To which I am utterly puzzled. What does 'left it too long' mean really? Because she, like many of my female friends, always assumed we would grow up to have a husband and probably a family and for many of us, this did not happen in the way that we expected when we were children.
She hasn't gotten pregnant yet because the opportunity really wasn't there. If she were to look at the course of her life, I suppose she could have gotten pregnant 'by mistake' at some point. But had that happened, she would have probably had an abortion. She was never in the relationship she wanted or needed to be in to raise a child. So I don't really see how she can be so critical of herself now- that she left it too long. If it was going to happen earlier, it would have happened earlier.
And then to say this to me, who only has one ovary now, who does not have the husband, or even the relationship that might be a husband and so am at least a few years off of the possibility of having children (at least how I currently think of it) I find slightly mental (or at least, inconsiderate).

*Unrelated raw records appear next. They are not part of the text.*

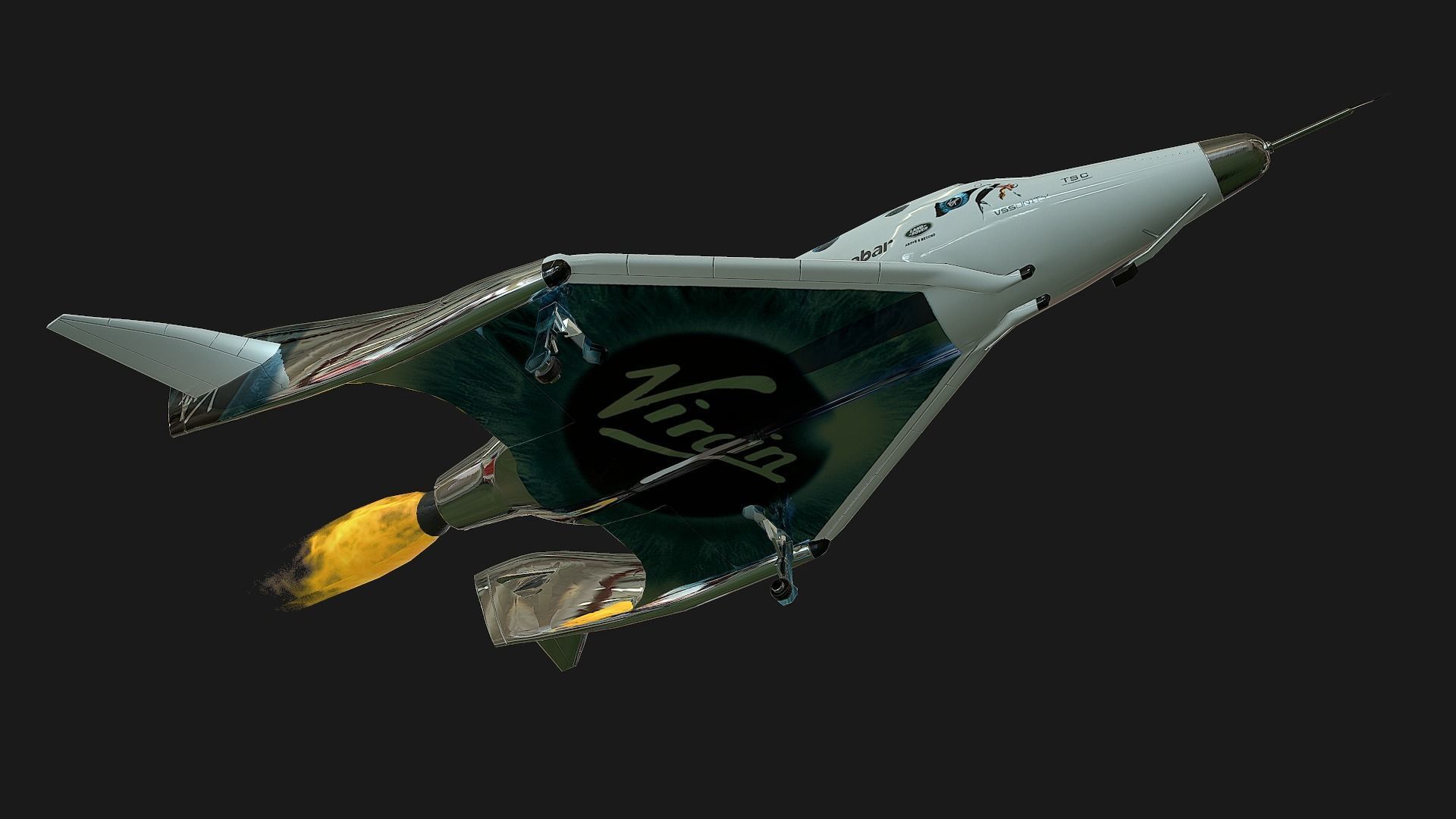 Virgin galactic spaceship Low-poly 3D model_27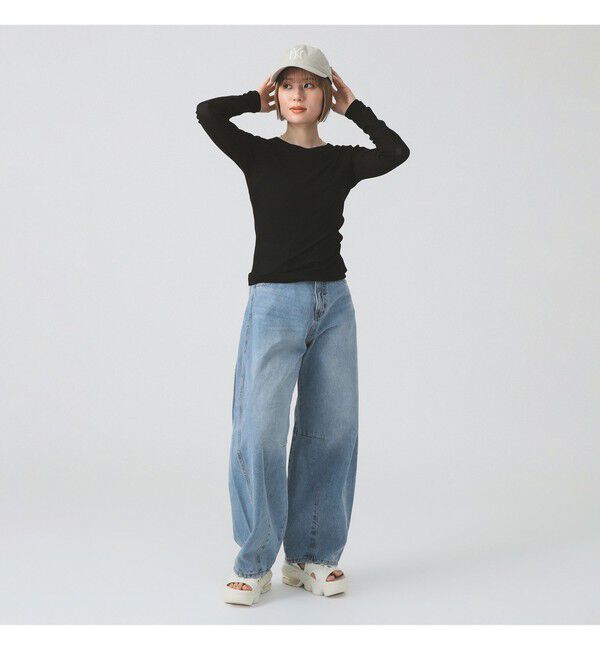 Ray BEAMS 「テレコ リブ クルーネック トップス」|Tシャツ・カットソー|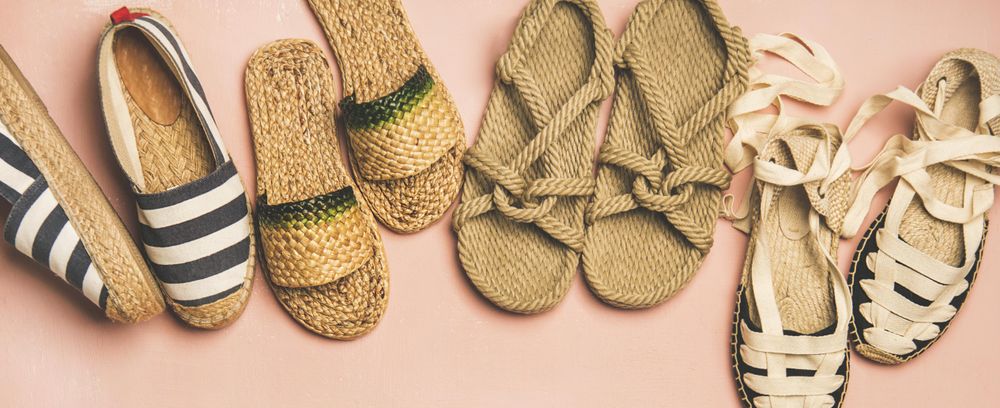 Variety of trendy summer shoes, wide composition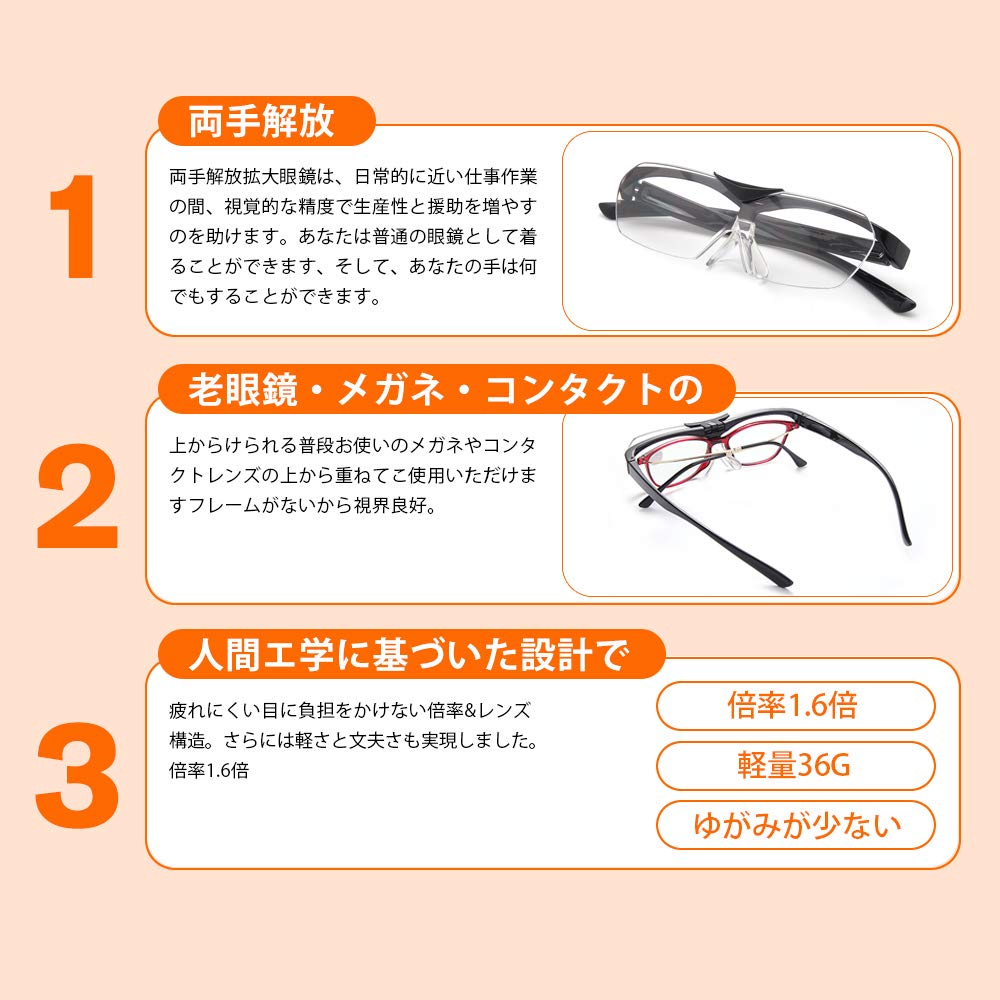 Amazon.co.jp: 拡大鏡 めがね 跳ね上げ式が便利 携帯型 細かな作業 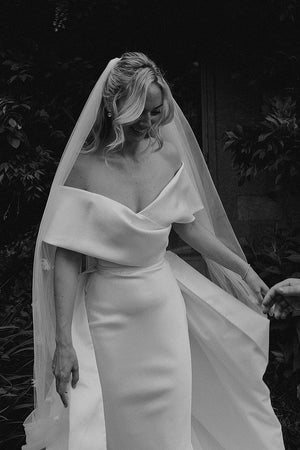 Gorgeous  Mermaid Off the Shoulder White Satin Wedding Dresses – Wedding Dresses by KissProm | Available at KissProm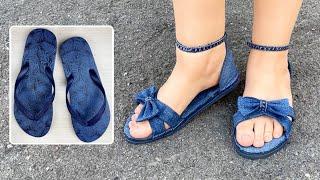 UCUZ TERLİKLERDEN VE ESKİ JEANLARDAN MODA YAZLIK SANDALET YAPILDI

I know there are other significant reasons that have to do with who she is as a person and her current life choices and resulting situation for why this particular life event has taken on such immeasurable significance. But still. It's sometimes difficult to listen to.
And it does make me think about things I don't think about all that often- mainly, about whether or not I want children and how there is a time window that gets smaller and smaller every year for that to happen. It is fair enough to say that I am well past the half way point of my ability to have a child. And although there are many likely years ahead of me, it's well on the downward slope now. Not to mention that, as I say, without a relationship with any sort of potential, some of that time is just eaten up anyway and the window gets smaller and smaller.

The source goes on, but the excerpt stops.